DATA IN THIS EXERCISE Block Start
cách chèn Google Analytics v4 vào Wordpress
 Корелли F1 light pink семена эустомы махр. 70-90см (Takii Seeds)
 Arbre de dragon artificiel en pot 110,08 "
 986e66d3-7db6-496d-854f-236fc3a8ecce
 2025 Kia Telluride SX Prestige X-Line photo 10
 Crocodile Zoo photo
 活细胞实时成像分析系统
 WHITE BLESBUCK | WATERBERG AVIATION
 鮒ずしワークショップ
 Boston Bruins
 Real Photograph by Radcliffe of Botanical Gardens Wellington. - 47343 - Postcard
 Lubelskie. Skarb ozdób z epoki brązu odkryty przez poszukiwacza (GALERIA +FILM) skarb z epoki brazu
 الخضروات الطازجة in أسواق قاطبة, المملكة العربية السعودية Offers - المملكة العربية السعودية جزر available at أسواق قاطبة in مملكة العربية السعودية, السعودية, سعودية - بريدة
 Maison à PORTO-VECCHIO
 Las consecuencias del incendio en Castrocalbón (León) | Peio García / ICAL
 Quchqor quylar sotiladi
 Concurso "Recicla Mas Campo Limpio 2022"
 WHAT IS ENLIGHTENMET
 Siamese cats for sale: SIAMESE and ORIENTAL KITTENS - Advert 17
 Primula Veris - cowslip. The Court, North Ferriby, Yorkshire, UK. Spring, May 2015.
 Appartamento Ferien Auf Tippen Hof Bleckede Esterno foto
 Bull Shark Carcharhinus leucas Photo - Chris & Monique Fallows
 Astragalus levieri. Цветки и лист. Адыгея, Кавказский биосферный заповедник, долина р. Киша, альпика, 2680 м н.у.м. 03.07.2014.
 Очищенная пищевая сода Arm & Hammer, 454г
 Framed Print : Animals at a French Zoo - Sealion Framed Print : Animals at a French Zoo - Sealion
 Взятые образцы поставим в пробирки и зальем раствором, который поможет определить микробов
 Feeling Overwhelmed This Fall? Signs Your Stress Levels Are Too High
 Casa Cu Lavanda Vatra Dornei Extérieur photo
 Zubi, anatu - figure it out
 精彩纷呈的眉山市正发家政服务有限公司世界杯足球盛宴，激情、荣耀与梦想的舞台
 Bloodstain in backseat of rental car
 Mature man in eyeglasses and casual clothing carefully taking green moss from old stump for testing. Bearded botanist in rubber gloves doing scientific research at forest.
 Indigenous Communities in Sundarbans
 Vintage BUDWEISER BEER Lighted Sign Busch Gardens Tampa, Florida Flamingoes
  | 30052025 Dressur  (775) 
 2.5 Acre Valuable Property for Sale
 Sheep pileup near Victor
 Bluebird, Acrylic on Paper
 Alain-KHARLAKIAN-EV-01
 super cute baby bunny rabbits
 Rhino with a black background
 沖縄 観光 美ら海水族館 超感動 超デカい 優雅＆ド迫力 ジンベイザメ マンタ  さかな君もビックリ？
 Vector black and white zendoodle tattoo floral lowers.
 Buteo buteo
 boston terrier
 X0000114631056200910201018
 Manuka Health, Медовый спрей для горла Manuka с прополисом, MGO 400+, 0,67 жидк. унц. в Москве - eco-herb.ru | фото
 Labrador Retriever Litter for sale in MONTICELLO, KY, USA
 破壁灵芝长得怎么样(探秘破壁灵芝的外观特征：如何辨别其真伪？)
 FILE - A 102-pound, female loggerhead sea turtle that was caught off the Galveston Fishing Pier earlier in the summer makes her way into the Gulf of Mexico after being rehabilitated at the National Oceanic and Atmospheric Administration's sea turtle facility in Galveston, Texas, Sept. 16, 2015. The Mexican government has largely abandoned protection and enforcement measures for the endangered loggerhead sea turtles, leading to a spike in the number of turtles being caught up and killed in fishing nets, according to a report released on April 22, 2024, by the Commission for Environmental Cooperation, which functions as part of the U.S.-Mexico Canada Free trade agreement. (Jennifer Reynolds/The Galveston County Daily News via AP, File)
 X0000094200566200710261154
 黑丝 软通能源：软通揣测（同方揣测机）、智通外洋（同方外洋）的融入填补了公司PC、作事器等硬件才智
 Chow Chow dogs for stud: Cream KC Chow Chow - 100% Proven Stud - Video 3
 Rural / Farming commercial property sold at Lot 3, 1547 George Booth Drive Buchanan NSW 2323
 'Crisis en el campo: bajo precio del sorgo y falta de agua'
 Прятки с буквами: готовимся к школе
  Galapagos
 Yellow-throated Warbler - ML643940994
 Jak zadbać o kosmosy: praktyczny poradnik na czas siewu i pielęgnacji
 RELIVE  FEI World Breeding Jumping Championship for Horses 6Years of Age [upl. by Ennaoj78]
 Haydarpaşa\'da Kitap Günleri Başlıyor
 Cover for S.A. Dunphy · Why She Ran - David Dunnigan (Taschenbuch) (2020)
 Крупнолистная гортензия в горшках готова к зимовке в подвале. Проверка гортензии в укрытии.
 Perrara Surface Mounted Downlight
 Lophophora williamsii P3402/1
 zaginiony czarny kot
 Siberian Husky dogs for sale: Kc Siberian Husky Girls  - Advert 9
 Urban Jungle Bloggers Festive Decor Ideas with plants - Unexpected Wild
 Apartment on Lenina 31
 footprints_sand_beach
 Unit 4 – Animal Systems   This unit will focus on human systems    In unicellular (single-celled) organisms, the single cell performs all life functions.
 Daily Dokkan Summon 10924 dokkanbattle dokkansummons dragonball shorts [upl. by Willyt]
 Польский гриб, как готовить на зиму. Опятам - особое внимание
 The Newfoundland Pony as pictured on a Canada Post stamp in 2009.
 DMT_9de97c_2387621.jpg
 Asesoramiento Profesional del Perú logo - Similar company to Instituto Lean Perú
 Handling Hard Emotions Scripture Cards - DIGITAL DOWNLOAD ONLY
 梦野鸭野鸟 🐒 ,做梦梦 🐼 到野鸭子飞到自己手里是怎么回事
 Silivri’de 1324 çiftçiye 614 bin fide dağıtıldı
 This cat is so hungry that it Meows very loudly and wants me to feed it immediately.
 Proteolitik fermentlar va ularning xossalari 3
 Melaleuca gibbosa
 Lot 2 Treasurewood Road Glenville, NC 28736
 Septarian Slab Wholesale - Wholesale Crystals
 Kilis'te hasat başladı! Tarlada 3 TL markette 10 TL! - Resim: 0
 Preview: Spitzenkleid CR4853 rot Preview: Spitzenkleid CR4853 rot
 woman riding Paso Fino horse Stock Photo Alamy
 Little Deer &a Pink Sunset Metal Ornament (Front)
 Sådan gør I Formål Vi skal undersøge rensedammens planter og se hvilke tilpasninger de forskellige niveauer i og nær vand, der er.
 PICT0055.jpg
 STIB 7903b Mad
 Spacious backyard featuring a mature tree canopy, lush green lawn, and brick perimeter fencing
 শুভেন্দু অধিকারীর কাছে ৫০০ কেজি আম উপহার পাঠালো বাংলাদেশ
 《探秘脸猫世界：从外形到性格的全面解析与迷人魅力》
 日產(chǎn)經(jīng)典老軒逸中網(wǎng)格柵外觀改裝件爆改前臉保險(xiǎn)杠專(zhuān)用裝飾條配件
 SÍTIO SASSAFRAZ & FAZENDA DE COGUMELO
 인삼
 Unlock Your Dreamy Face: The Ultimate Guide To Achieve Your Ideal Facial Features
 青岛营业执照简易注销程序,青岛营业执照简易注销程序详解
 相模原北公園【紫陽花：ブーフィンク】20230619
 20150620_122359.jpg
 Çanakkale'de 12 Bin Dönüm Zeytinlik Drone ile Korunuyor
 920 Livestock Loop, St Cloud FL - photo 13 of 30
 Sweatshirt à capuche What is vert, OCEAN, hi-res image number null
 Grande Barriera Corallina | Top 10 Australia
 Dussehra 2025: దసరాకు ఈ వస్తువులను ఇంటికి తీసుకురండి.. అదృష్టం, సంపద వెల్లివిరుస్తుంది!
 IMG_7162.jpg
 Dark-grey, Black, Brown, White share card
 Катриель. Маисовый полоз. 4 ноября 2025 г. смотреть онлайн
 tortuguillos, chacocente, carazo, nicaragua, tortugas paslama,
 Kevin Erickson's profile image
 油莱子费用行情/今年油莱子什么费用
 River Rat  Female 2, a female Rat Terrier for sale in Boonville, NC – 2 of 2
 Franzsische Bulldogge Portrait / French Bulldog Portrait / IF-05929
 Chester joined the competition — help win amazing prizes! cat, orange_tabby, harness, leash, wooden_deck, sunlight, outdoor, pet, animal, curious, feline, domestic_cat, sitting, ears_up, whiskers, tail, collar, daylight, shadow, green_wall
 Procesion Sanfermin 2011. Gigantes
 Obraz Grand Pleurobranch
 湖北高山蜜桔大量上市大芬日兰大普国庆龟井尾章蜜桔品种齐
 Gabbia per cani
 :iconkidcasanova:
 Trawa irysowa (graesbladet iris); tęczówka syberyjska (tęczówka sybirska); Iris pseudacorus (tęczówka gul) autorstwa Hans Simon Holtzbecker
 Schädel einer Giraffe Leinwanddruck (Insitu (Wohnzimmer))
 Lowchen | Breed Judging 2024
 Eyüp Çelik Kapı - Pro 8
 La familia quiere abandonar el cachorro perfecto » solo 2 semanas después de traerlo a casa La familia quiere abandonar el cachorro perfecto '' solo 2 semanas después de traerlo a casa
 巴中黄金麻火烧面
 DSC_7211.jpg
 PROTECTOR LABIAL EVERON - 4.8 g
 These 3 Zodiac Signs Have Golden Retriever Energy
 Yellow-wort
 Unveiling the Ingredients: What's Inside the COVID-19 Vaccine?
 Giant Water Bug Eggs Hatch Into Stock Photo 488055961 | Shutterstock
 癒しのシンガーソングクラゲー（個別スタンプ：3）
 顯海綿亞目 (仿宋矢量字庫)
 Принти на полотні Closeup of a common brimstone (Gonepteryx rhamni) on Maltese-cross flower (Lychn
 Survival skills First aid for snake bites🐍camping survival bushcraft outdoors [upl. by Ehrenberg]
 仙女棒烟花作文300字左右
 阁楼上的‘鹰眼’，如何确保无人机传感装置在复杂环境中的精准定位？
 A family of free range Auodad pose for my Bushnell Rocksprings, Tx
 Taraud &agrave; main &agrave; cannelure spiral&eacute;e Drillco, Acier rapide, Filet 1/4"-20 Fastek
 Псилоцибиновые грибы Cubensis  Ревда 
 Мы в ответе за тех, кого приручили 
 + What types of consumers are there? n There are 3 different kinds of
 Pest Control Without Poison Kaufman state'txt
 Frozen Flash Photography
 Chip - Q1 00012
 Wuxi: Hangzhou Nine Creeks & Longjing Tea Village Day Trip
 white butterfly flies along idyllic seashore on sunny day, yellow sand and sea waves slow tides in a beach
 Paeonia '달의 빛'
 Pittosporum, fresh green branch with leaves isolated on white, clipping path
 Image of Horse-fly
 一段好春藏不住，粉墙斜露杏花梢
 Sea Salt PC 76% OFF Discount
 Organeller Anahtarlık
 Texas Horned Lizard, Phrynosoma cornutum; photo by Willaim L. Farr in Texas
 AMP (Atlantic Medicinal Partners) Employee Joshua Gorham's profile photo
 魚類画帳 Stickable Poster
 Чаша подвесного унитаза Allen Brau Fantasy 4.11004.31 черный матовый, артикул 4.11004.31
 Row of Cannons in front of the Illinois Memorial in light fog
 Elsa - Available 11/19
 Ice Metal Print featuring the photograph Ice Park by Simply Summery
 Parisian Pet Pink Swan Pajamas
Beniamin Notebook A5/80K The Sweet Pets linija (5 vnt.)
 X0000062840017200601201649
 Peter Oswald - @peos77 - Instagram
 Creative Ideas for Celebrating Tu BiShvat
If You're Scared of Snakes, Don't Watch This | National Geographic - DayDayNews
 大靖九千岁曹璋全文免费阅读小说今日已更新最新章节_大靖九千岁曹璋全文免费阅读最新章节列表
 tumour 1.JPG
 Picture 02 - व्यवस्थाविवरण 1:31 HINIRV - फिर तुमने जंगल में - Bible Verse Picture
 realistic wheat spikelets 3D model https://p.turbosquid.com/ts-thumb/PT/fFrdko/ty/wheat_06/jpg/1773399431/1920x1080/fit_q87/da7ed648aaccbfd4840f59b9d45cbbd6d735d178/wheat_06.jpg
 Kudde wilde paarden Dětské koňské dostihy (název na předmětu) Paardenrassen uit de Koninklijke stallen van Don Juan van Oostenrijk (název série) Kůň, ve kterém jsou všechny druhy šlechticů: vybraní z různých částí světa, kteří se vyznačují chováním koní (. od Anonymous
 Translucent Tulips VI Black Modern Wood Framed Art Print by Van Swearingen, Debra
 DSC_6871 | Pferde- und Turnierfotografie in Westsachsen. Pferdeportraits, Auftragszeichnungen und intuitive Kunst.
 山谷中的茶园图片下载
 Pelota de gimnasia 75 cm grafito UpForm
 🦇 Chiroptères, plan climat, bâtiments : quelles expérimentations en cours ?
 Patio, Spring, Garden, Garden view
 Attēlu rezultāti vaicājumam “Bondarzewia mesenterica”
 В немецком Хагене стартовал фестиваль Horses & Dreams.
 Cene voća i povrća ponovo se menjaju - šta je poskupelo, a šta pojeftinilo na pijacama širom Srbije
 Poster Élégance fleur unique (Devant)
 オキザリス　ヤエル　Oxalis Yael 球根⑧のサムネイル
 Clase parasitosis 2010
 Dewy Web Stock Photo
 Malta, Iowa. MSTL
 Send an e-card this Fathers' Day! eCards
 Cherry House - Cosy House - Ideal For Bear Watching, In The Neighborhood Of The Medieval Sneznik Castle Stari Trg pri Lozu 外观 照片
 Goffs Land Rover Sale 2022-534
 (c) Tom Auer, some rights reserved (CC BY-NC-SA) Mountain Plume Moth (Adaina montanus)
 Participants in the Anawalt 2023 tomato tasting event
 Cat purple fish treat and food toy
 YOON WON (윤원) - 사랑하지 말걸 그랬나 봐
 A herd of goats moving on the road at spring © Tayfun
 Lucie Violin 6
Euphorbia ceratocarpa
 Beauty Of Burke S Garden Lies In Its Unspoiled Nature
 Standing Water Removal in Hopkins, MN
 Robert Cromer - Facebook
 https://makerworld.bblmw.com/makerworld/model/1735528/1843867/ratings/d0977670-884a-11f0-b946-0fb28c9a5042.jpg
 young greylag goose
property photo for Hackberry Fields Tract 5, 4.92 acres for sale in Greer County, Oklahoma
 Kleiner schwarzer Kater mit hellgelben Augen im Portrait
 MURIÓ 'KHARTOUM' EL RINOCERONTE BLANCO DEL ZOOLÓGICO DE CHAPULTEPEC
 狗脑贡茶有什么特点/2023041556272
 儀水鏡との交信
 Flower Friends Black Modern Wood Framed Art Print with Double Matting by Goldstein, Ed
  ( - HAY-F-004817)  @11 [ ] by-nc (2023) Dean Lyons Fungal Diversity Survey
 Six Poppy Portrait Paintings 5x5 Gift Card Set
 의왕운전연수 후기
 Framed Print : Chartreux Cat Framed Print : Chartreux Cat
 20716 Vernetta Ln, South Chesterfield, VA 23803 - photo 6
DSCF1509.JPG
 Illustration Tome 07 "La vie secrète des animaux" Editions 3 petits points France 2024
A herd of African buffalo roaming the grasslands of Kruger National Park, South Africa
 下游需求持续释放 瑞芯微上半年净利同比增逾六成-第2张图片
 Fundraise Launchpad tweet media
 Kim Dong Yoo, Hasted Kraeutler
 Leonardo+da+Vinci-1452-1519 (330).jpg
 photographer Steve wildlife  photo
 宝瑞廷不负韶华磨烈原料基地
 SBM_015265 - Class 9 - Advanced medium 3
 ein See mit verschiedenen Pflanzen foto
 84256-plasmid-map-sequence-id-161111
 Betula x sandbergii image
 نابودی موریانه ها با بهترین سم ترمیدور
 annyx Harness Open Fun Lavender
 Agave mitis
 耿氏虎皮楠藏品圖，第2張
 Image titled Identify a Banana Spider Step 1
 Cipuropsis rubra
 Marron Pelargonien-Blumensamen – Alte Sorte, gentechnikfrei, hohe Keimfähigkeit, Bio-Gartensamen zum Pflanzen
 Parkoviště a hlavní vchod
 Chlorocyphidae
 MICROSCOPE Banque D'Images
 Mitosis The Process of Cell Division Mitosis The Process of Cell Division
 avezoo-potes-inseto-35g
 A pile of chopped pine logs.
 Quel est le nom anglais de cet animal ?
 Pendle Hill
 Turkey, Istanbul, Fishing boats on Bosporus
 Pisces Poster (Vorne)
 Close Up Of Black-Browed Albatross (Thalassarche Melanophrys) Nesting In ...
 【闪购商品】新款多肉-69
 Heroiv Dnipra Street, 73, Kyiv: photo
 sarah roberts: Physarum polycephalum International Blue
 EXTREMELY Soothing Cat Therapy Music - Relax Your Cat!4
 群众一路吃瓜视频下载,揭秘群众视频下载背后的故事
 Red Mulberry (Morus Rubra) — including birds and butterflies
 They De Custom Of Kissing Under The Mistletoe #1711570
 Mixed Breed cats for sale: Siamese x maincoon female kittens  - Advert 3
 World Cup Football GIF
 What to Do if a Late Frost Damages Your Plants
DATA IN THIS EXERCISE Block End
■ PROBLEM DESCRIPTION: Retype only this portion of the data above: the line containing "woman riding Paso", the line containing "日產(chǎn)經(jīng", and all lines between them, exactly.

■ EXPECTED ANSWER:
 woman riding Paso Fino horse Stock Photo Alamy
 Little Deer &a Pink Sunset Metal Ornament (Front)
 Sådan gør I Formål Vi skal undersøge rensedammens planter og se hvilke tilpasninger de forskellige niveauer i og nær vand, der er.
 PICT0055.jpg
 STIB 7903b Mad
 Spacious backyard featuring a mature tree canopy, lush green lawn, and brick perimeter fencing
 শুভেন্দু অধিকারীর কাছে ৫০০ কেজি আম উপহার পাঠালো বাংলাদেশ
 《探秘脸猫世界：从外形到性格的全面解析与迷人魅力》
 日產(chǎn)經(jīng)典老軒逸中網(wǎng)格柵外觀改裝件爆改前臉保險(xiǎn)杠專(zhuān)用裝飾條配件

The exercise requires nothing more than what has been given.